What is RAID and what does it do?

Nothinman · Sep 11, 2011

exdeath said:
(The 5th is parity and doesn't add to user data rates in RAID 5). It's obviously bursting from cache, which is pointless for benchmarking storage speed.

Parity is stripped across all drives, so yes all 5 do participate equally. And while including the cache doesn't help in determining the raw speed of the disks, it's more real-world than not because the cache will be used during normal operations.

exdeath · Sep 11, 2011

Nothinman said:
Parity is stripped across all drives, so yes all 5 do participate equally. And while including the cache doesn't help in determining the raw speed of the disks, it's more real-world than not because the cache will be used during normal operations.

I should have said blocks or stripes, not drives, my bad. With 5 disks in RAID 5 only 4/5ths of any particular block/stripe of data is going to be user data and contribute to measured transfer rate. Parity blocks are skipped over on reads and therefore does not contribute to read speed.
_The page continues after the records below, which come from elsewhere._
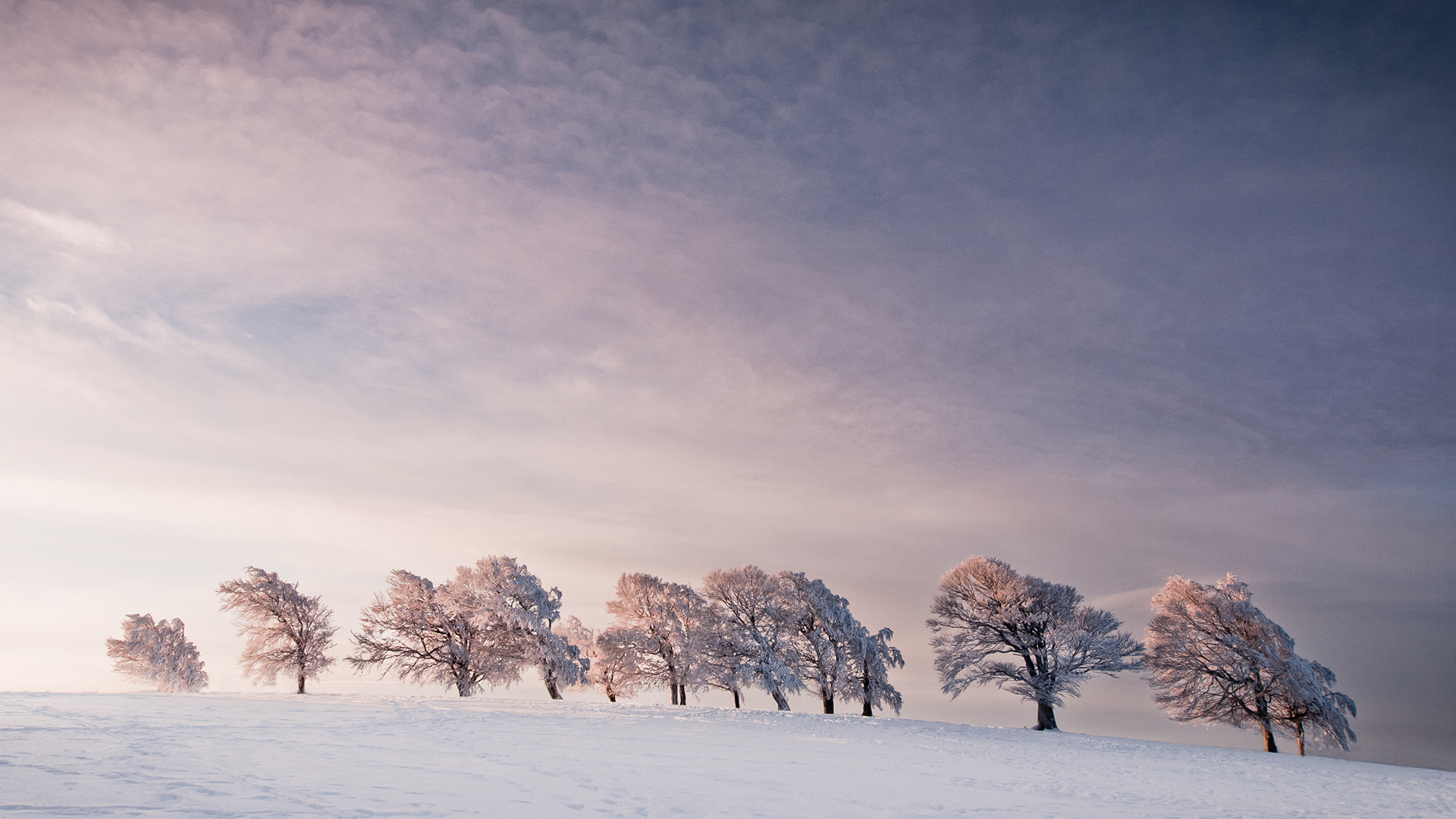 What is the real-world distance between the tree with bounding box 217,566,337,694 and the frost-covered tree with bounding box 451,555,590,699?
32.1 ft

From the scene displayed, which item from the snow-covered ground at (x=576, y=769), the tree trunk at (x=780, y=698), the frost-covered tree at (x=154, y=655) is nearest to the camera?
the snow-covered ground at (x=576, y=769)

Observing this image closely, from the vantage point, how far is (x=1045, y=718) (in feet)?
146

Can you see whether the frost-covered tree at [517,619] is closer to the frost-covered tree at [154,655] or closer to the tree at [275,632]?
the tree at [275,632]

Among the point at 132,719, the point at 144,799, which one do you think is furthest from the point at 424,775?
the point at 132,719

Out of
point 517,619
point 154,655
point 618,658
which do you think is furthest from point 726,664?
point 154,655

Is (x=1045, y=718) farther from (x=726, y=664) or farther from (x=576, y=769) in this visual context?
(x=576, y=769)

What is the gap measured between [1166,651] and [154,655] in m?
78.6

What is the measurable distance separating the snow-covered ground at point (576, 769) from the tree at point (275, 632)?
14.7 meters

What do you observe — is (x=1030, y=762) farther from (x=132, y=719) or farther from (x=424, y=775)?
(x=132, y=719)

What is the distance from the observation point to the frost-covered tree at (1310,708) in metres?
39.1

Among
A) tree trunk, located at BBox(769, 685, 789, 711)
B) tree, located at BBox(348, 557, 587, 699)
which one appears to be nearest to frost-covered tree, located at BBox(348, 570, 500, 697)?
tree, located at BBox(348, 557, 587, 699)

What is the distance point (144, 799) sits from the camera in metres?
11.2

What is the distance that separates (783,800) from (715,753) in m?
7.47

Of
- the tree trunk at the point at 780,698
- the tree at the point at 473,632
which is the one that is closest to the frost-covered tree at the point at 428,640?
the tree at the point at 473,632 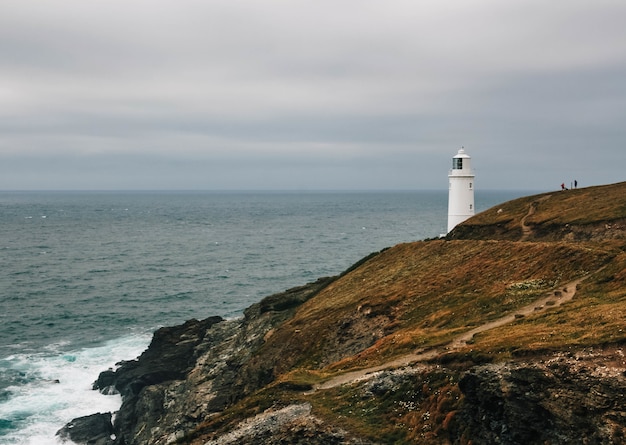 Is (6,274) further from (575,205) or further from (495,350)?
(495,350)

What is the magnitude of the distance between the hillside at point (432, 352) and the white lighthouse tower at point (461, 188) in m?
8.80

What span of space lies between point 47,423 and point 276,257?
106m

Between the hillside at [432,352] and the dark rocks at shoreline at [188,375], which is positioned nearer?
the hillside at [432,352]

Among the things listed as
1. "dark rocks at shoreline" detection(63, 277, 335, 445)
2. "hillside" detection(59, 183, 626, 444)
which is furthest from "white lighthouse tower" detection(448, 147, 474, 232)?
"dark rocks at shoreline" detection(63, 277, 335, 445)

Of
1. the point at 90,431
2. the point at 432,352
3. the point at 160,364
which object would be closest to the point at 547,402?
the point at 432,352

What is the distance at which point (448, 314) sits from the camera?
40.4 m

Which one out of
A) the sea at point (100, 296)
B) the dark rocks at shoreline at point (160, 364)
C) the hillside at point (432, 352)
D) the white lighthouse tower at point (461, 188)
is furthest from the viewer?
the white lighthouse tower at point (461, 188)

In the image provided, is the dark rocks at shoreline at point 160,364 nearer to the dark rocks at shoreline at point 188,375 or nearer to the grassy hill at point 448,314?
the dark rocks at shoreline at point 188,375

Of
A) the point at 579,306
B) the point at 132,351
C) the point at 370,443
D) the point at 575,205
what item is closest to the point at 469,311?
the point at 579,306

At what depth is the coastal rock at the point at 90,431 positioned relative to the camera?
177ft

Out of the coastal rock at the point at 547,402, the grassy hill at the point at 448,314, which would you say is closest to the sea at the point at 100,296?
the grassy hill at the point at 448,314

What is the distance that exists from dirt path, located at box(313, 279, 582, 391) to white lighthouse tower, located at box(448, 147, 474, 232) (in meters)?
41.2

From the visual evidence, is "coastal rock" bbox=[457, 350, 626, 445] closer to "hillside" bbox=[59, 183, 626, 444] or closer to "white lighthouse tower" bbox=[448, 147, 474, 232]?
"hillside" bbox=[59, 183, 626, 444]

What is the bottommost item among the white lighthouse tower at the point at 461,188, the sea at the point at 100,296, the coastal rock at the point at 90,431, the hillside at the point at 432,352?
the coastal rock at the point at 90,431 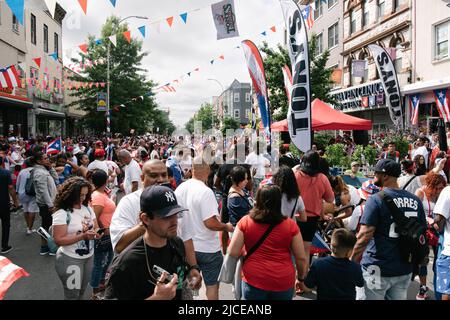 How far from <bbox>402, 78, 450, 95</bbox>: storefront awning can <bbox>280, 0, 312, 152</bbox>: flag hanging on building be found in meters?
11.6

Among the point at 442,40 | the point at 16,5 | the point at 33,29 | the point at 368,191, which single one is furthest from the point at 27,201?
the point at 33,29

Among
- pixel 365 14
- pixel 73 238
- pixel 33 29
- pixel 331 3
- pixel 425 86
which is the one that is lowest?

Maximum possible transfer rate of a RAID 5 is going to be capped at the the combined max speed of n-1 drives. If you have 5 drives that max at 125 MB/s sequential in RAID 5, you will never see more than 500 MB/sec theoretical max sequential.
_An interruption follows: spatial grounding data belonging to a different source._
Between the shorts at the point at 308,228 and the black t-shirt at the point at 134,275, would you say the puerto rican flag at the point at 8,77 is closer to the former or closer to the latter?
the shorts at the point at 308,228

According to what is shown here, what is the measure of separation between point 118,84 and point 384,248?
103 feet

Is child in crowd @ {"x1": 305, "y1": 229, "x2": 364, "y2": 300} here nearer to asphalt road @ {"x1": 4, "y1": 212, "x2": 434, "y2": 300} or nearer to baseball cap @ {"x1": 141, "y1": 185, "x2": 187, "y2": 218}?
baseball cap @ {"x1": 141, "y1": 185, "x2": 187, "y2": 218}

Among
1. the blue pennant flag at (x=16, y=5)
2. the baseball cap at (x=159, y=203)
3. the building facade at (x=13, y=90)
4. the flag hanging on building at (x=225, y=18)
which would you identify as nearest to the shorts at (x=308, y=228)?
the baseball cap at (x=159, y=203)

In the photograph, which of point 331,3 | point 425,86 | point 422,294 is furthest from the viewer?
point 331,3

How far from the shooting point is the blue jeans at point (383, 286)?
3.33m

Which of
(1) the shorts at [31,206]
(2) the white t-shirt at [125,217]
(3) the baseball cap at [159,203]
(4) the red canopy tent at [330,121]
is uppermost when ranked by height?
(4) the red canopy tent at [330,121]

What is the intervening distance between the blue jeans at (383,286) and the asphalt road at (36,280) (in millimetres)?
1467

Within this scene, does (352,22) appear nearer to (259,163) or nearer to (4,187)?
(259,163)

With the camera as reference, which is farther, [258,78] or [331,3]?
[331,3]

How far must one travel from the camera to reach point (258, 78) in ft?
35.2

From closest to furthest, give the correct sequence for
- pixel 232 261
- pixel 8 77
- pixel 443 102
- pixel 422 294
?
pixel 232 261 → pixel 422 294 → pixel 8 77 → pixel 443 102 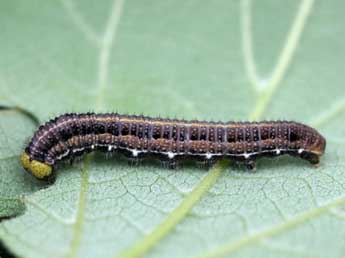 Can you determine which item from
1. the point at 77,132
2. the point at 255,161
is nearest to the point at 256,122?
the point at 255,161

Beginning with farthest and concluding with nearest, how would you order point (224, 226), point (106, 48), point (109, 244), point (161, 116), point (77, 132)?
point (106, 48) → point (161, 116) → point (77, 132) → point (224, 226) → point (109, 244)

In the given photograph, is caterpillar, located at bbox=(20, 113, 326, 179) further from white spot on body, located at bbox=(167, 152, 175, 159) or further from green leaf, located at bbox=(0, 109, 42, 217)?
green leaf, located at bbox=(0, 109, 42, 217)

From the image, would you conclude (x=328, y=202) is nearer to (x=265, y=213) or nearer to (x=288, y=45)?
(x=265, y=213)

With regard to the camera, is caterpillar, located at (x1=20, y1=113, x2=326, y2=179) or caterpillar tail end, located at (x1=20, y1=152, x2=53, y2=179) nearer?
caterpillar tail end, located at (x1=20, y1=152, x2=53, y2=179)

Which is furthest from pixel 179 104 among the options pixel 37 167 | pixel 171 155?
pixel 37 167

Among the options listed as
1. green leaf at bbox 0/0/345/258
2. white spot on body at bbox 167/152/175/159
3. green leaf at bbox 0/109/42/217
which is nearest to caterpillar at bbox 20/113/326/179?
white spot on body at bbox 167/152/175/159

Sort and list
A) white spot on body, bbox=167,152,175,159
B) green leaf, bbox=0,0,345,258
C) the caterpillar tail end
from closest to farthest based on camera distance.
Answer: green leaf, bbox=0,0,345,258
the caterpillar tail end
white spot on body, bbox=167,152,175,159
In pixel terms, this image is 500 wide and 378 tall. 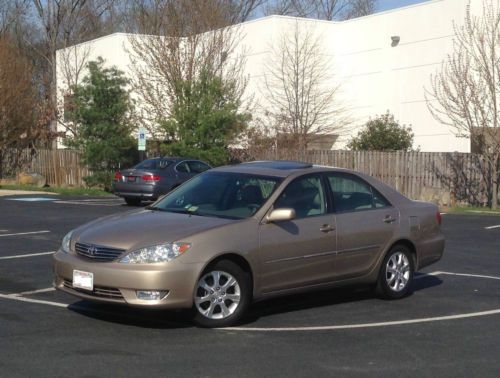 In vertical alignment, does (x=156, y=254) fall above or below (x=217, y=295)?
above

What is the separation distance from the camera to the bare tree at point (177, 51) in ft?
109

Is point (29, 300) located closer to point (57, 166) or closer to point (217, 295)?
point (217, 295)

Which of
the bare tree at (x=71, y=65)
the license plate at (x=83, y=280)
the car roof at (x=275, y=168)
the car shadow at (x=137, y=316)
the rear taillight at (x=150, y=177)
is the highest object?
the bare tree at (x=71, y=65)

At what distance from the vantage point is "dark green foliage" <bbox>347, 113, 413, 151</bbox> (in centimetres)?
3192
Relying on cache when bragging about sequential sustained read speeds on a RAID 5 is misleading. Copy a real 10 GB file off that partition, you will NOT see 2,000 MB/sec, it's impossible with only 5 drives which individually cannot sustain more than 100-125 MB/sec. More like 400-500 MB/sec sustained. The sum cannot be greater than the individual contributions.

Nothinman · Sep 11, 2011

Relying on cache when bragging about sequential sustained read speeds on a RAID 5 is misleading.

Benchmarks in general are misleading, they're rarely indicative of how things will work out for real.

Copy a real 10 GB file off that partition, you will NOT see 2,000 MB/sec, it's impossible with only 5 drives which individually cannot sustain more than 100-125 MB/sec. More like 400-500 MB/sec sustained. The sum cannot be greater than the individual contributions.

I understand that, I was just expressing my disdain for benchmarks in general. They barely tell you anything worthwhile and yet still seem to cause tons of people to base their workload, hardware, etc on them. Especially when it comes to I/O as there's just way too many other variables involved during real usage.

Emulex · Sep 11, 2011

raid-5 LONG READS are faster than raid-10 in reading believe it or not. (same drives, similar stripe size) - only in some cases. with 6 drives - raid-5 has 6 drives of data to read from - with raid-10 you have 3 stripes to read from - so if the stars aren't aligned you may not get the full read benefit from the raid-10. Odd. Probably why folks use raid-5 for core db storage and raid-10 for logs/temp - this will all change with the enterprise mlc drives that are out now ($10K for 800gb unit ouch!) - enterprise mlc - far cheaper than SLC

hot swappable unlike fusion i/o

- just reads based on my tests from my tests - writing is horrificly slower . this is using a modern p410i smartarray with 1gb flash back write cache - not a ich or soft-raid.

but honestly now that 900GB SAS dual ported 2.5" 10K drives are out you can still use raid-10 or a split and deal with it. I found that i needed to do raid-10 with 6 RE4 2TB to have enough speed to do storage vmotion or esxi would timeout; or vcenter. But you could outrun raid-5 speeds with 6 15K SAS 3.5" drives compared to raid-10 with 6 2TB SATA RE4 (drive write cache enabled, no less).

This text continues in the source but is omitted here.